Rushdie

Salman Rushdie during a lecture. Alexander Baxevanis (Wikimedia Commons).

A short phrase came to my mind once I saw – much with shock, but not surprise – that Salman Rushdie, the excellent novelist and free speech champion responsible for The Satanic Verses, an atypical work so remarkable and ingenious that it led Iran’s then Supreme Leader, Ayatollah Khomeini, to issue a fatwa for Rushdie’s execution, had been stabbed ten times by an American citizen and extremist sympathizer in an apparent assassination attempt. The phrase, which I repeat to myself through daily reminders, is simple: the mouth is mightier than the musket – although, perhaps it is better said that, regarding Rushdie, the pen is more potent than the sword:

        Despite an entire country’s efforts towards capturing and executing him, Rushdie – although placed under protection, receiving 24/7 security from members of London’s special police unit, and assuming a fake name – continued to defend his novel, concurrently making himself an international symbol of free speech and a fierce proponent of free thought, however offensive it is: in a BBC interview following Khomeini’s fatwa, announced on February 14th, the day of the funeral for Rushdie’s friend, he responded, saying, “Frankly, I wish I had written a more critical book.” 

I first heard of Rushdie while reading Christopher Hitchens’ “Assassins of the Mind” on Vanity Fair, which excoriated fundamentalist Islam’s targeted violence, acted and threatened, against Salman Rushdie and fellow writers. Hitchens, a proud opponent of fundamentalist Islam and Christianity, criticizes the “climate where every publisher and editor and politician has to weigh in advance the possibility of violent Muslim reprisal,” referencing the assault on Rushdie, his editors and translators, and others who speak against or whose work offends fundamentalist Muslim thought.

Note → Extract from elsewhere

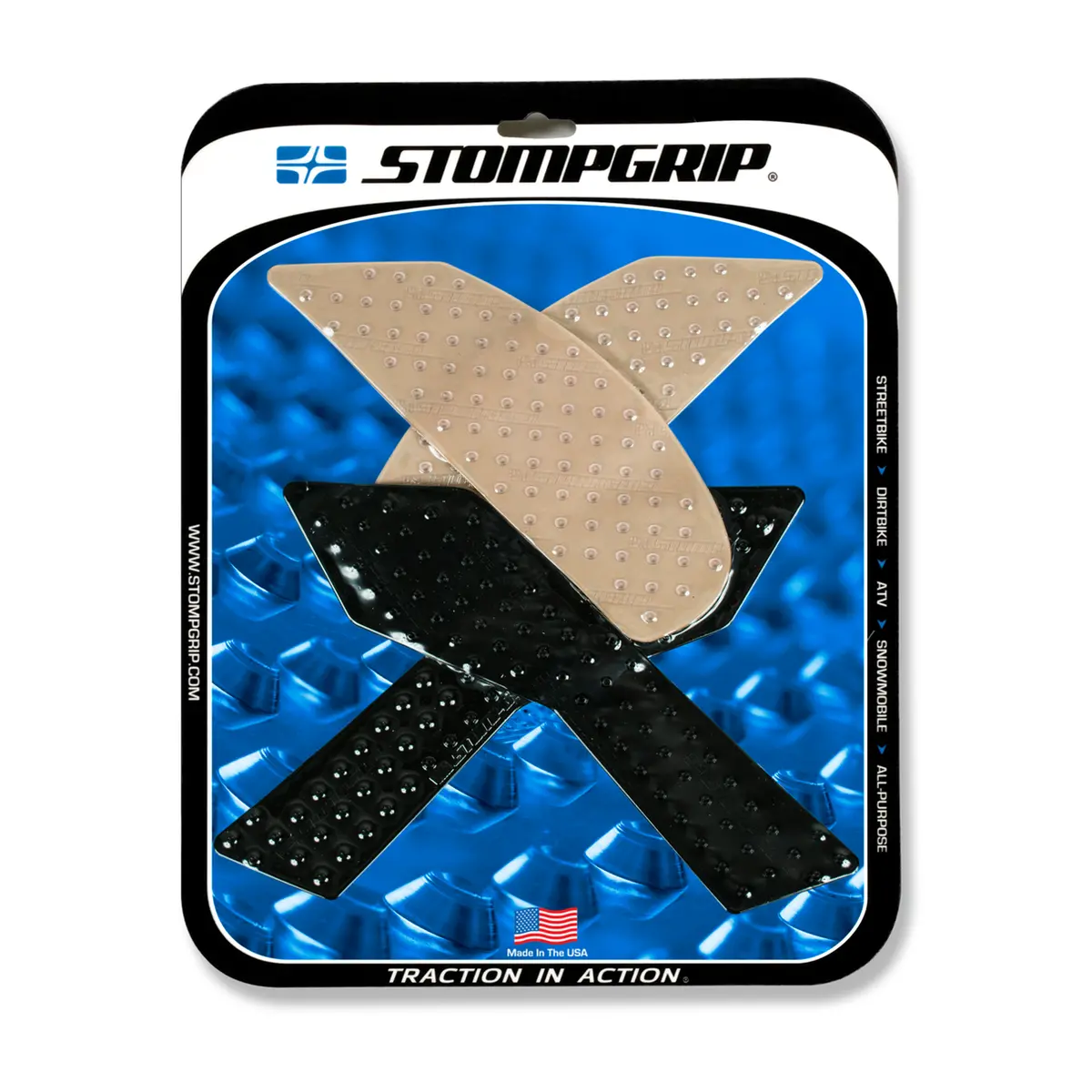 Stompgrip Volcano Tank Grips Clear/Black For Kawasaki Z900 Abs 17-19 1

Hitchens recounted Rushdie’s pure intelligence and craft, remarking on his enamour with The Moor’s Last Sigh, a portrait of Bombay portrayed before its controversial name change to Mumbai, and Midnight’s Children, the first piece to bring Rushdie international fame. Indeed, at that point, I had yet to read any of his novels or essays.

Since, I have read two of his works – one essay and one short story. The Prophet’s Hair, a short story on the September 1981 issue of The Atlantic, which I read upon hearing of the attack, is a remarkable piece of literature; his craft, a blend of constant metaphor, vivid imagery and mature diction that forces even the greatest readers to reread his sentences, resembles Virginia Woolf with its brilliant, almost anxious prose, so specific and refined that every word resembles a well-thought, carefully implemented brush stroke in a work of Van Gogh or Dali. The piece resembles his style – magical realism – which combines a realistic setting with magical elements; a slum in Srinagar of Kashmir with the holy hair of the prophet Muhammad, for example.

Well before the stabbing, I also read a short essay of his, an assignment of a class I cannot remember, regarding what he considered the positive ends of migration (beyond that, I cannot recollect the essay in great detail; I cannot even recall its name). The essay, although unpleasantly followed by a terse response that vilifies his piece and exposes the broader nativism of American society, clearly demonstrates Rushdie’s romance with the thrills of transplantation and his belief in the benefits of migration and globalization. 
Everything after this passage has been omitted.